From fa7c941792e44a823a0c08940727d2691fb60c59 Mon Sep 17 00:00:00 2001
From: =?UTF-8?q?Aleix=20Conchillo=20Flaqu=C3=A9?= <aleix@daily.co>
Date: Sun, 4 Aug 2024 11:41:00 -0700
Subject: [PATCH 3/4] examples(gstreamer): add new GStreamer examples

---
 CHANGELOG.md                                  |  4 +
 examples/foundational/18-gstreamer-filesrc.py | 78 +++++++++++++++++++
 .../18a-gstreamer-videotestsrc.py             | 66 ++++++++++++++++
 examples/foundational/runner.py               | 12 ++-
 4 files changed, 158 insertions(+), 2 deletions(-)

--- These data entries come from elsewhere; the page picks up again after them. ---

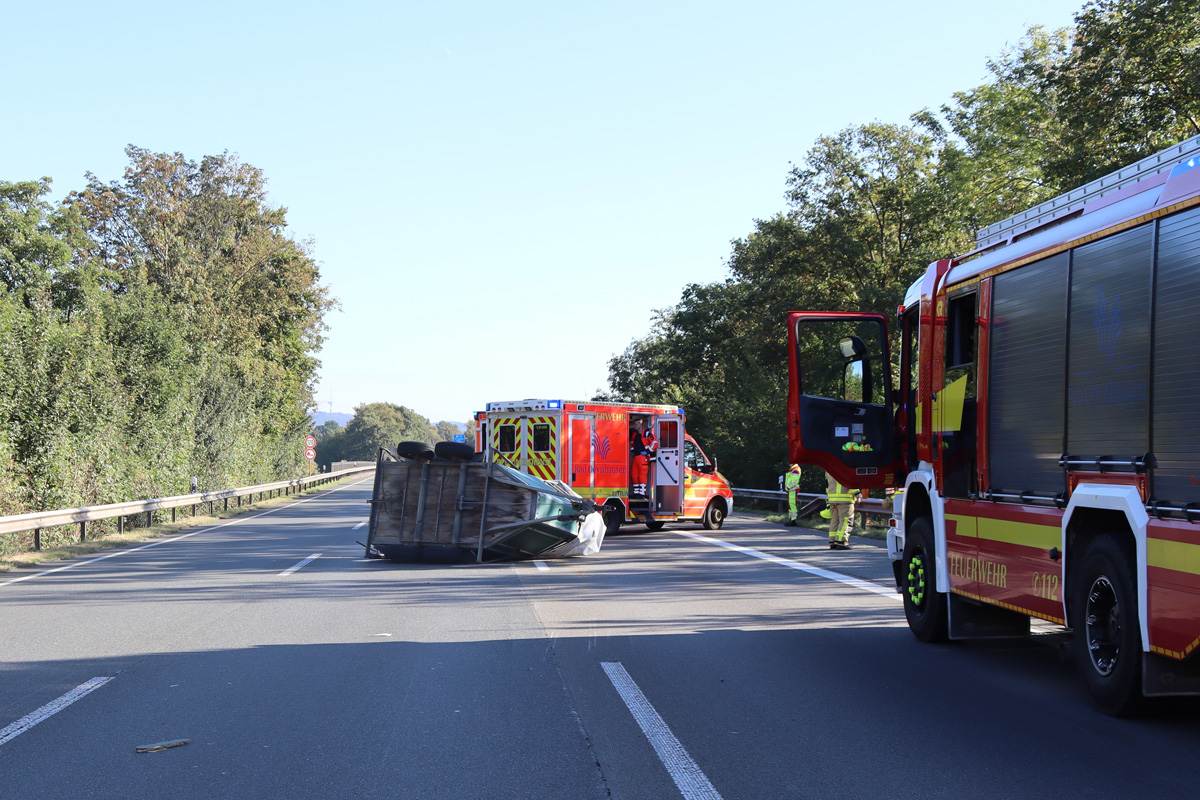 A2 Bad Oeynhausen NW – Unfall mit vier Pkw und Pferdeanhänger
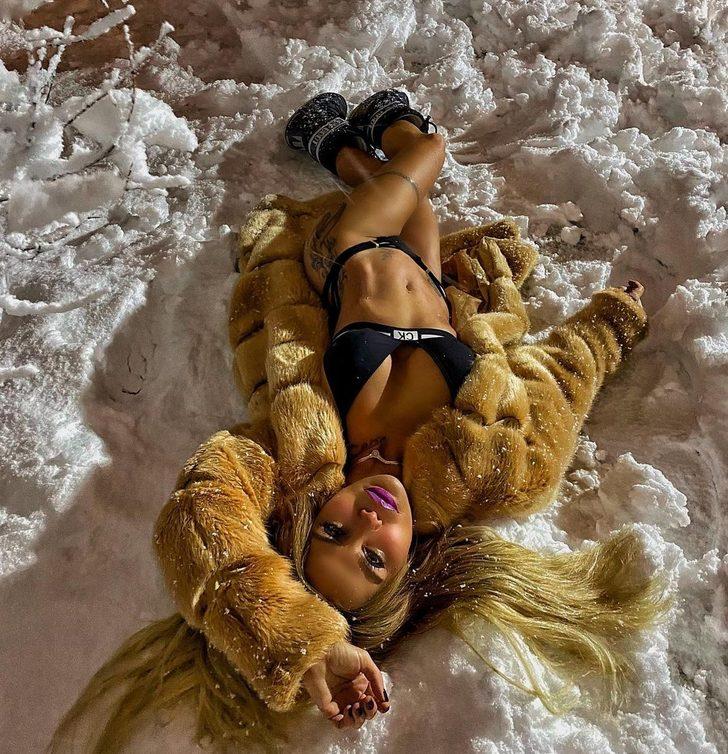 Berna Arıcı'dan iç çamaşırıyla kar pozu! Yorum yağdı G4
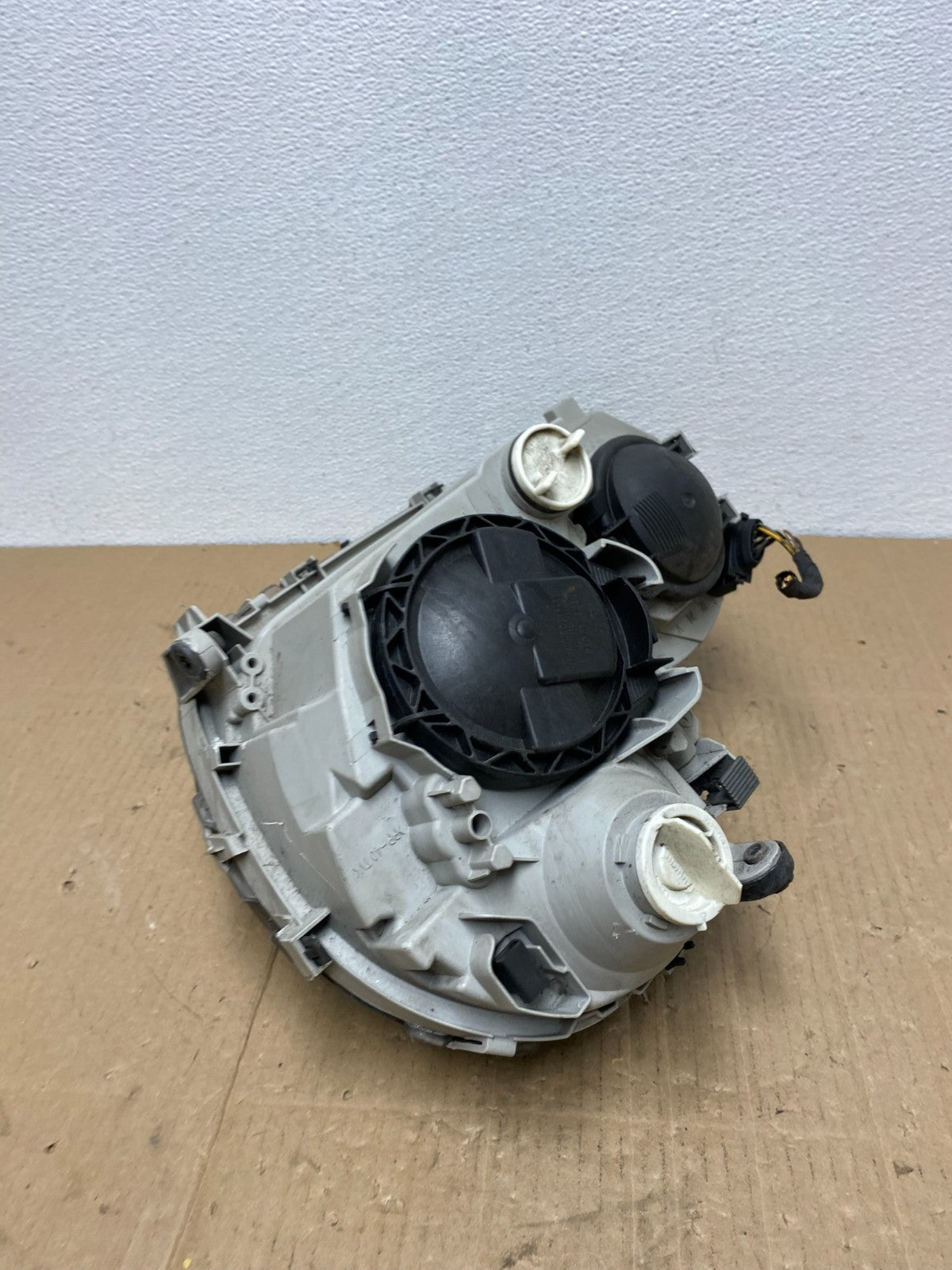 2001 - 2004 Mercedes-Benz C Class Halogen Right Passenger Headlight AB8306 DW5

 create mode 100644 examples/foundational/18-gstreamer-filesrc.py
 create mode 100644 examples/foundational/18a-gstreamer-videotestsrc.py

diff --git a/CHANGELOG.md b/CHANGELOG.md
index 1189d046b..2eb958215 100644
--- a/CHANGELOG.md
+++ b/CHANGELOG.md
@@ -51,6 +51,10 @@ and this project adheres to [Semantic Versioning](https://semver.org/spec/v2.0.0
 
 ### Other
 
+- Added examples `foundational/18-gstreamer-filesrc.py` and
+  `foundational/18a-gstreamer-videotestsrc.py` that show how to use
+  `GStreamerPipelineSource`
+
 - Remove `requests` library usage.
 
 - Cleanup examples and use `DailyRESTHelper`.

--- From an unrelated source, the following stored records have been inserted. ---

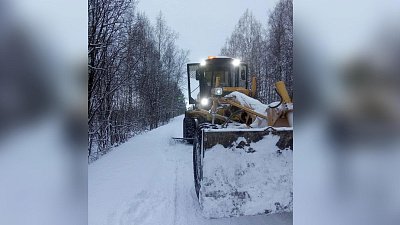 Последствия снегопада на трассах в Челябинской области ликвидируют 200 спецмашин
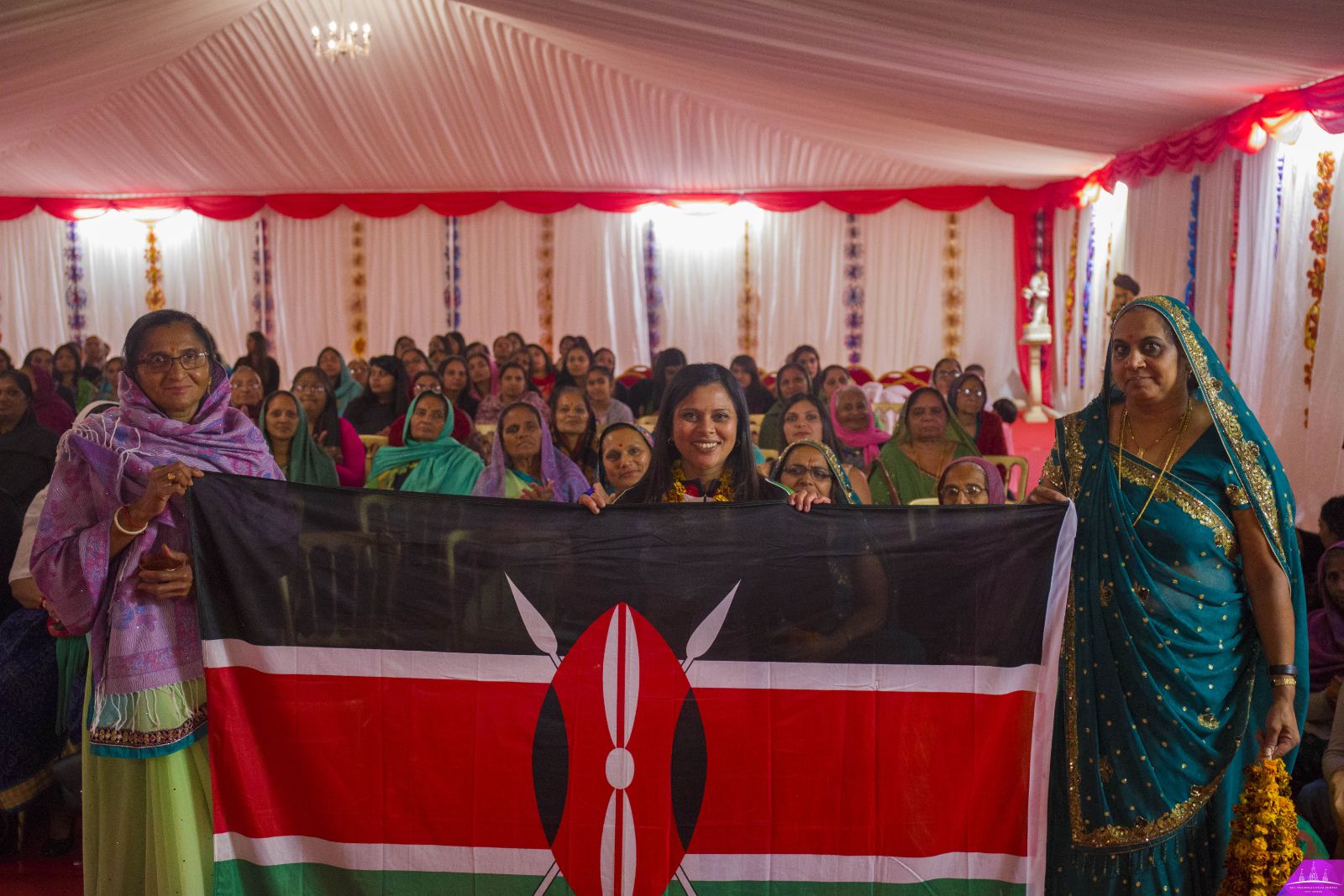 7D2A6449 copy - ©1987-2017 SKS Swaminarayan Temple East London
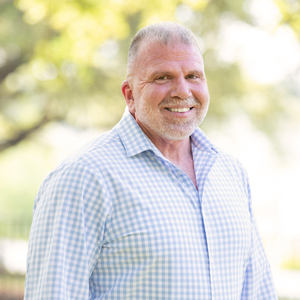 Mark Clausen, Agent in  - Compass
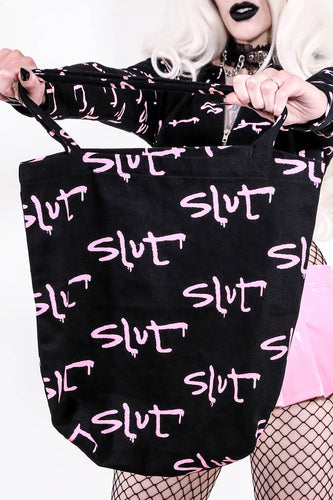 model holding bag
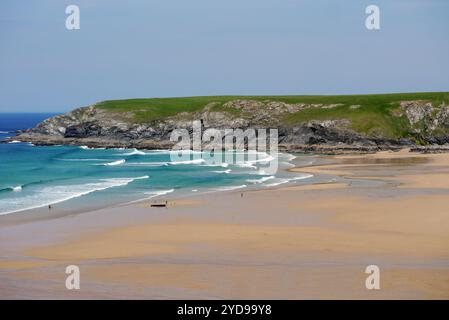 Pwhole point East et Holywell Beach près de Newquay depuis le sentier côtier du Sud-Ouest, Cornouailles du Nord, Angleterre, Royaume-Uni Banque D'Images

diff --git a/examples/foundational/18-gstreamer-filesrc.py b/examples/foundational/18-gstreamer-filesrc.py
new file mode 100644
index 000000000..4b04dcf92
--- /dev/null
+++ b/examples/foundational/18-gstreamer-filesrc.py
@@ -0,0 +1,78 @@
+#
+# Copyright (c) 2024, Daily
+#
+# SPDX-License-Identifier: BSD 2-Clause License
+#
+
+import asyncio
+import aiohttp
+import argparse
+import sys
+
+from pipecat.pipeline.pipeline import Pipeline
+from pipecat.pipeline.runner import PipelineRunner
+from pipecat.pipeline.task import PipelineTask
+from pipecat.processors.gstreamer.pipeline_source import GStreamerPipelineSource
+from pipecat.transports.services.daily import DailyParams, DailyTransport
+
+from runner import configure_with_args
+
+from loguru import logger
+
+from dotenv import load_dotenv
+load_dotenv(override=True)
+
+logger.remove(0)
+logger.add(sys.stderr, level="DEBUG")
+
+
+async def main():
+    async with aiohttp.ClientSession() as session:
+        parser = argparse.ArgumentParser(description="Daily AI SDK Bot Sample")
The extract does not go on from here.